Logo of The Middlebury Campus
Thursday, Apr 18, 2024

State Dairy Industry In Jeopardy

Author: Deborah Jones

Local artist Woody Jackson's 70 paintings of Holstein cows may best be known for gracing Ben and Jerry's ice cream containers, but they are also considered representative of Vermont's longstanding dairy tradition. Yet the pastoral culture of the state stands in a precarious position as the small family farms particular to the Green Mountains fall into unrecoverable debt. This issue has become increasingly important with the expiration of the Northeast Interstate Dairy Compact last fall.

What was the Compact?

The Northeast Interstate Dairy Compact legislation, which was denied reauthorization by the U.S. Senate, set the floor price of milk sold to processors by producers in New England states at $16.94 per hundred pounds of milk, or hundredweight, or $1.46 per gallon. These price supports were agreed upon by the participating states in 1996 with the intention of relieving dairy farmers of the burden of stable or rising economic costs of maintaining their businesses.

However, since the Compact affected interstate commerce, the ability to enforce its provisions constitutionally necessitated federal approval. For five years, New England states had the ability to set a floor price for fluid milk that sometimes fell above that established price by the federal government.

When the price was below that of regional law, processors — those using raw milk to make other products — were required to pay out the difference to the Compact, which then redistributed the money to the dairy farmers in accordance with their total milk production. In other words, the processors were responsible for 'filling in the gap' when federal prices fell.

Certainly, the processors were not as pleased as the producers about this agreement. Dan Smith, executive director of the Northeast Dairy Compact Commission, explained that substantial lobbying efforts by some of the larger processing companies played a key role in the Compact's defeat for reauthorization last fall. He lamented "companies' concerns with market power … and the way they keep Congress from understanding the real issue."

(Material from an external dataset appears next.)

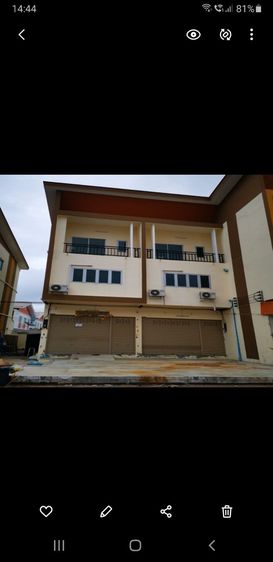 ตึกแถว 2 ห้อง ตีทะบุกัน 3 ชั้น 40 ตรว. 6 ห้องนอน 6 ห้องน้ำ พร้อมชุดครัว  สภาพใหม่สวย พร้อมเข้าอยู่ ค้าขายได้ ทำออฟฟิตได้ ทำห้องเช่าได้ รูปที่ 3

He noted, that the processors' protest is only one of three major reasons why the legislation failed. Smith also cited "opposition to the idea of giving states control over interstate commerce" and "internal Congressional opposition" as contributing to its downfall. For example, Midwestern states, particularly Wisconsin with its enormous cheese industry, were concerned that price supports on milk in New England states would negatively affect their business in that region.

What does the Compact's expiration mean for Vermont?

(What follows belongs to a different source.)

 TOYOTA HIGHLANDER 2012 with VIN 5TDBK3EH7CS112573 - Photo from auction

In a state like Vermont, where the dairy industry accounts for $1.9 billion in trade, the expiration of the Northeast Interstate Dairy Compact was met with substantial disappointment. A recent study estimated that the presence of the Compact curtailed the failure of dairy farms by up to two and a half times.

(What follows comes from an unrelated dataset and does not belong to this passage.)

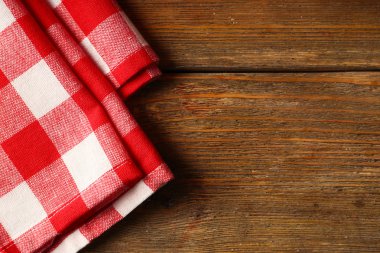 Peçete ahşap arka plan üzerinde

During the past decade, Vermont has been losing the equivalent of a dairy farm every four and a half days. It currently has just 1,522 farms left, half of what existed in 1985. Already economically depressed, the state's rural regions appear set to lose even more as farmers find it impossible to keep up with rising production costs as milk prices continue to fall.

Monument Farms in Weybridge, Vt., which provides all the milk in Middlebury College dining halls, has not been as affected by the expiration of the Compact as other producers because the company also operates a processor.

Treasurer Millicent Rooney explained that the company essentially operates as two firms in one in which the processing portion buys the raw milk from the actual dairy farm. Most producers sell their raw milk to a co-op that then sells it to processors.

Monument is one of just two independent processors in the state of Vermont. She stressed, however, that other dairy farms have been falling into tremendous debt as a result of the lowered price floor.

Currently, the statistical price per hundredweight of raw milk with average components is about $12.50.

"The Compact buffered the really strong dips in prices so that the dips weren't as deep and the normal high points were unaffected by the Compact," noted Jon Rooney, vice-president of operations at Monument Farms.. "Without the Compact, the price is $4.50 less per hundredweight this month than three months ago."

"If this is prolonged," M. Rooney continued, "it can be very detrimental to farmers. Four or five months of this and you still have to buy your feed … they're really going to be in a bind, especially coming up onspring."

Subsidies: an alternative solution?

Last December, raw milk prices dropped by nearly 20 percent while store prices remained stable. The U.S. Department of Agriculture expects prices to continue to fall throughout 2002.

In Washington, D.C., Vermont Senators Jim Jeffords and Patrick Leahy have been working to pass a new Farm Bill that would include subsidies for dairy farmers. However, many farmers are concerned that the majority of subsidies would only go to the enormous crop farms of the Midwestern and Southern states. An amendment passed by the Senate last Thursday aims to alleviate this problem by capping subsidies at $275,000 per farm, thus shifting funds away from large plantations and toward family businesses. The current cap is $550,000.

Nevertheless, many area dairy farmers consider subsidies a last resort after the failure of renewal for their Compact. Jon Rooney was critical of the proposed subsidy's use of taxpayer money. "It's a straight handout and it's subject to the whims of government whereas the Compact as established was a much more structurally sound manner of distributing the money. A handout just looks like a handout. There's no more foul word than subsidy."